Pourquoi avoir favorisé la cavalerie lourde au lieu de vous fixer sur un
trinôme archer-piquier-coutelier?

Léonard


Salut à vous Léonard,

Avant de répondre à votre question, laissez-moi vous en poser une autre: avez-vous déjà assisté à la marche implacable de milliers de soldats goths? Si ce n'est pas le cas alors vous devrez comprendre que notre époque a réclamé de nombreux changements dans notre façon de faire la guerre. Nous affrontons des ennemis toujours plus nombreux et chaque jour plus dangereux. Désormais, les tactiques traditionnelles que l'on nous a jadis enseignées ne peuvent plus faire face à ces ennemis dont les effectifs croissent inexorablement. Aussi il a fallu s'adapter.

Si nous nous étions contentés de l'organisation standard (à savoir une ligne de piquiers, une autre de soldats légers, et enfin une réserve d'archers à l'arrière) nous nous serions retrouvés dans la même configuration qu'une armée gothique ou arabe; et à ce moment-là notre infériorité numérique nous aurait conduits à un échec assuré.

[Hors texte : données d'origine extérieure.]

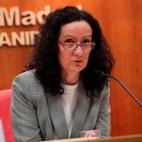 Yolanda Fuentes,&nbsp;exdirectora de Salud de Madrid: "Buena suerte".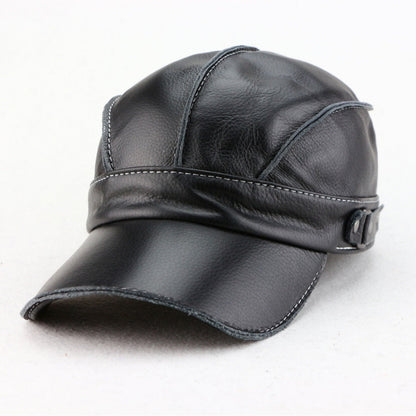 Jetstream Leather Cap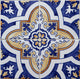 Lisbon Azulejos Wall Decal Design 2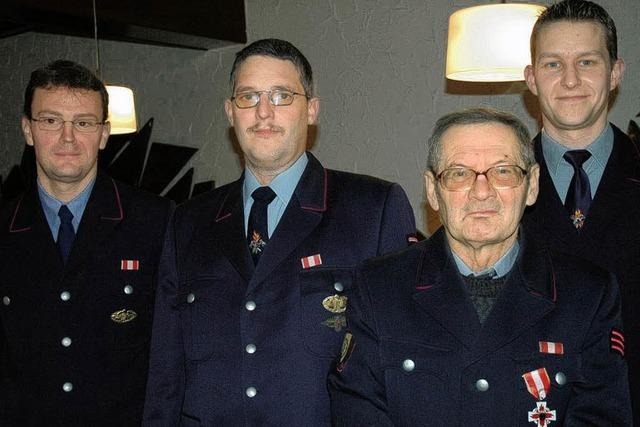 Umzug prgte das Feuerwehrjahr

La question fut donc: comment vaincre un ennemi quatre à cinq fois supérieur en nombre tout en limitant nos pertes au strict minimum? Eh bien, c'est dans la cavalerie que nous avons trouvé la réponse. Car, comme vous l'avez si bien noté, il est vrai que les soldats montés ont joué un rôle plus que central dans l'organisation de nos armées et le déroulement des batailles que nous avons menées.

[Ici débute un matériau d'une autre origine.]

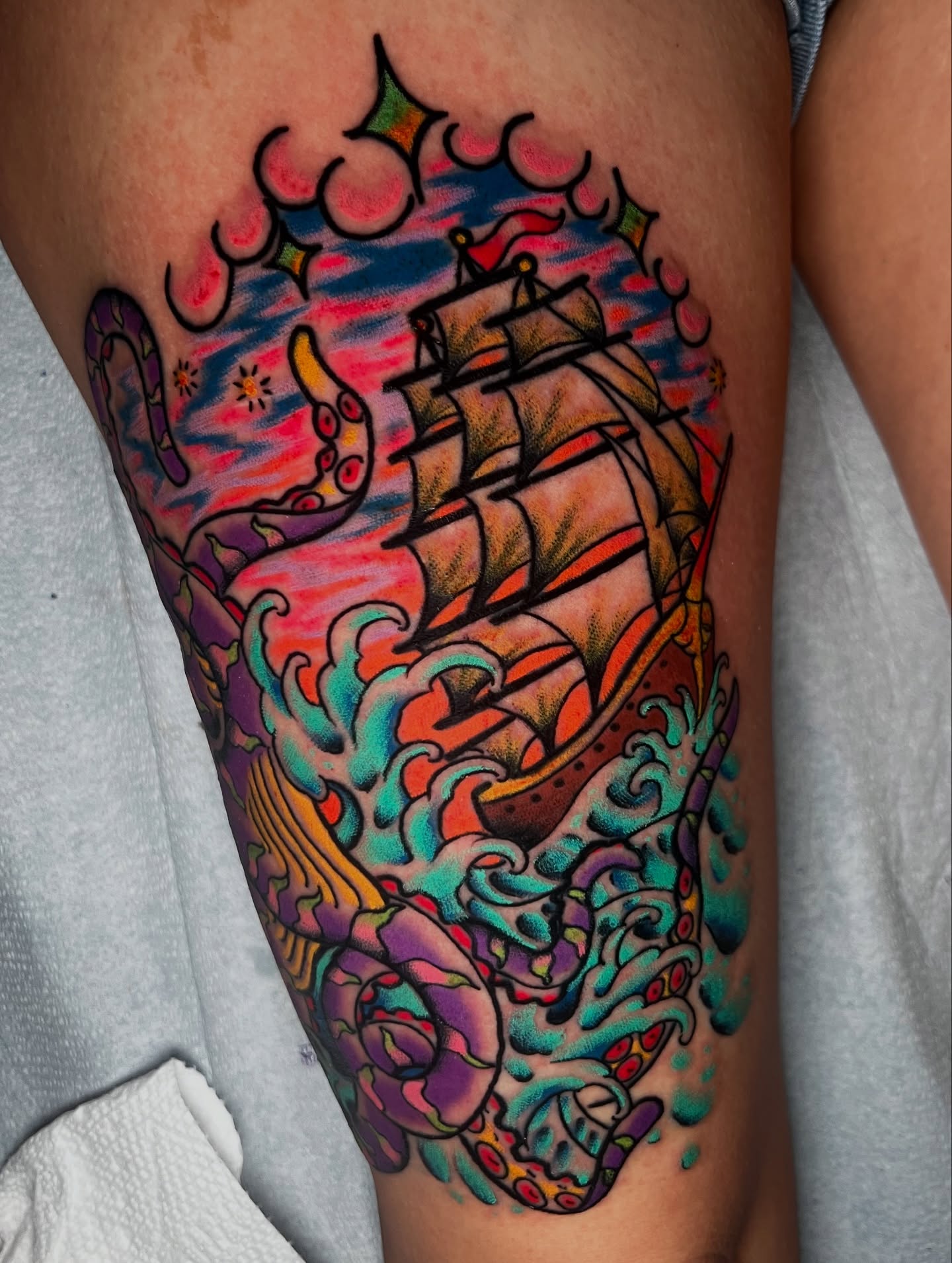 Tattoo by @braytontattoos — american_traditional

J'ai donc décidé d'organiser mes forces ainsi: tout d'abord, une ligne d'hommes à pied résistants, bien entraînés mais relativement peu nombreux. Leur mission étant, non pas de faire reculer l'ennemi, mais de le contenir au mieux pendant que la cavalerie décime ses flancs et ses arrières. Derrière eux, les traditionnels archers, dont la présence est nécessaire au cours d'une bataille rangée. Et, sur les flancs, d'importants régiments de cavalerie lourde et légère.

Ainsi, lorsque la bataille est engagée, nos cavaliers retardent le plus possible le contact et se contentent de harceler les troupes adverses en les arrosant de flèches. Ce travail de sape peut durer assez longtemps et porte largement ses fruits. Des régiments entiers peuvent disparaître sous les traits de nos archers montés. De plus, comme ces hommes sont équipés d'un arc mais également d'une lance, de nombreuses attaques au corps à corps sont lancées sur les points faibles de l'ennemi. Et, si l'une de ces offensives s'avère trop désavantageuse, la mobilité de ces troupes à cheval permet de se retirer rapidement du champ de bataille et de reprendre les attaques à l'arc.

Ainsi, en très peu de temps, l'ennemi se voit harcelé de tous les côtés. Il ne peut venir à bout de l'infanterie protégée par ses boucliers et les défenses mises en place, il est décimé par les volées de flèches de nos archers, et ne peut interrompre les charges incessantes des cataphractaires.

J'espère que, désormais, vous saisissez mieux l'importance de cette cavalerie et le rôle qu'elle a joué dans l'issue de nos différentes campagnes. Si vous souhaitez d'autres détails, Procope m'apportera vos missives à mon palais de Constantinople.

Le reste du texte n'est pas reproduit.